Thursday, 10 January 2013

Crossing the Antartic Circle

In January 1773, the Resolution and Adventure were entering the far Southern latitudes, looking for the landmass that the French navigator Jean-Baptiste Charles Bouvet de Lozier had called Cape Circumcision.  Cook was instructed to find out if this island was part of an undiscovered southern continent.  The landmass had been incorrectly charted and in fact the first landing on the island, now re-christened Bouvet Island, didn't occur until 1822.

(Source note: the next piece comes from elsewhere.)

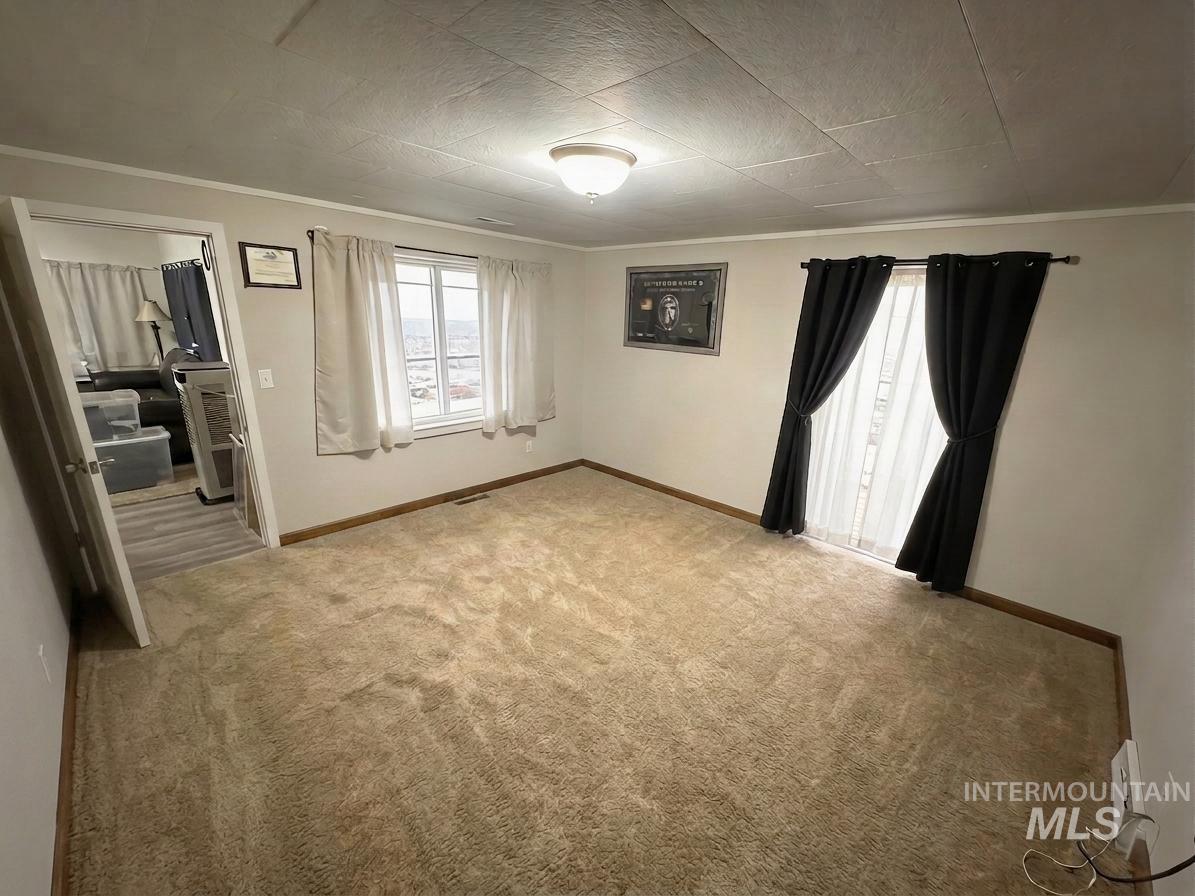 1245 American Legion Blvd, Mountain Home, Idaho 83647, 2 Bedrooms, 1 Bathroom, Residential For Sale, Price $279,000, 98984588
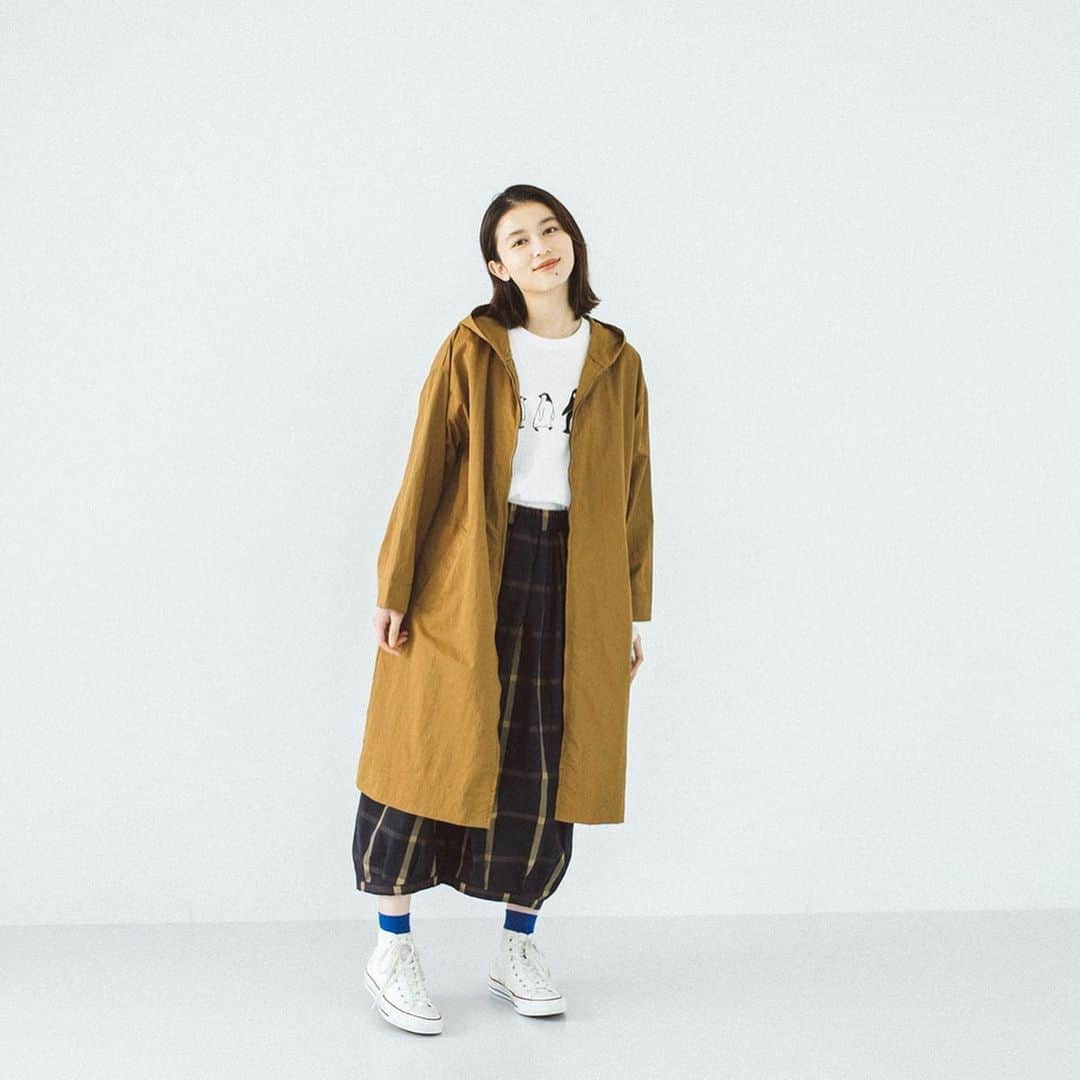 ナチュランさんのインスタグラム写真 - (ナチュランInstagram)「季節の変わり目にも。【 バイヤー厳選 】今欲しい春アウター﻿ ﻿ 風がちょっぴり冷たく感じる日でも、季節感のある着こなしを楽しみたいもの。﻿ 今回はナチュランバイヤーが厳選した、季節の変わり目に重宝する4つのアウターをご紹介します。﻿ ずっしりと重い冬アウターから、軽やかな春アウターにチェンジして、お出かけの準備をしてみては。﻿ ﻿ ﻿ -----------﻿ ■グランシャツジャケット[DMG-2A52-0664-A]﻿ ブランドで人気の高いグランシャツをベースに、ジャケットのディティールを取り入れた一枚。﻿ さらりとした風合いのコットン100%素材を使用し、さっとラフに羽織れる軽やかな着ごこちが魅力です。﻿ ﻿ ﻿ -----------﻿ ■やわらかナイロンロングパーカーコート[NLC-2A52-1294-A]﻿ 春のカジュアルスタイルに映える、ナチュラルなオーカーカラー（黄土色）のロング丈パーカコート。﻿ 薄手でやわらかなナイロン素材を使用し、くるくると丸めてカバンに入れても、シワになりずらいのが◎。﻿ ﻿ ﻿ -----------﻿ ■撥水加工ライトクロス配色ブルゾン[ERE-2A52-0696-A]﻿ きれいめなコーディネートにも合わせやすい、女性らしいディティールを詰め込んだブルゾン。﻿ 撥水加工を施し、ストレッチ性に優れたナイロン素材を使用。﻿ ﻿ ﻿ -----------﻿ ■別布仕立てショップコート[UBA-2A52-1398-A]﻿ ゆったりとした着ごこちでばさっと羽織れる、コットンリネンデニムで仕立てたショップコート。﻿ 前身頃には縦に切り替えを入れて、シンプルなデザインながら立体感のあるシルエットが魅力です。﻿ ﻿ ﻿ ﻿ ------------------------------﻿ ▶️お買いものは写真内のタグをタップしてくださいね。またはプロフィールからもナチュランへリンクしています。→@natulan_official﻿ ﻿ ▶️写真内のタグは、販売中でも消えている場合がございます。ぜひ、ナチュランの検索窓から、注文番号又は商品名を、検索してみてくださいね。﻿ ﻿ ▶️プロフィール画面では、季節のおすすめ商品や、再入荷情報をご紹介しています。ぜひ、ご覧くださいませ。→@natulan_official﻿ ﻿ ----------- #lifewear #fashion #今日のコーデ #コーディネート #ファッション #ナチュラル #ナチュラン #natulan #日々の暮らし #暮らしを楽しむ #シンプルライフ #シンプルコーデ #大人女子 #大人コーデ #ナチュラルコーデ #アウター #ジャケット #コート #ブルゾン #Brocante #ブロカント #シーエルエヌ #CLN #エトレリー #etrerelie #ウバソク #ubasoku #natulan_official」2月16日 21時12分 - natulan_official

'A view of the ice islands, seen the 9th Jan. 1773' After William Hodges 


On Saturday the 9th January 1773, George Forster wrote; 'in the morning, we saw a large island of ice, surrounded with many small broken pieces, and the weather being moderate we brought to, hoisted out the boats, and sent them to take up as much of the small ice as they could.  We piled up the lumps on the quarter-deck, packed them into casks, and after dinner melted them in the coppers, and obtained about thirty days water, in the course of this day, and in the latitude of 61o 36' south…A picturesque view of some large masses of ice, and of our ships and boats employed in watering from small ice, is inserted in Captain Cook's account of this voyage.'

The ships went on to make the first ever crossing of the Antarctic Circle in 1773, after which Cook sailed along the ice for a further two months, looking for a way to sail further south.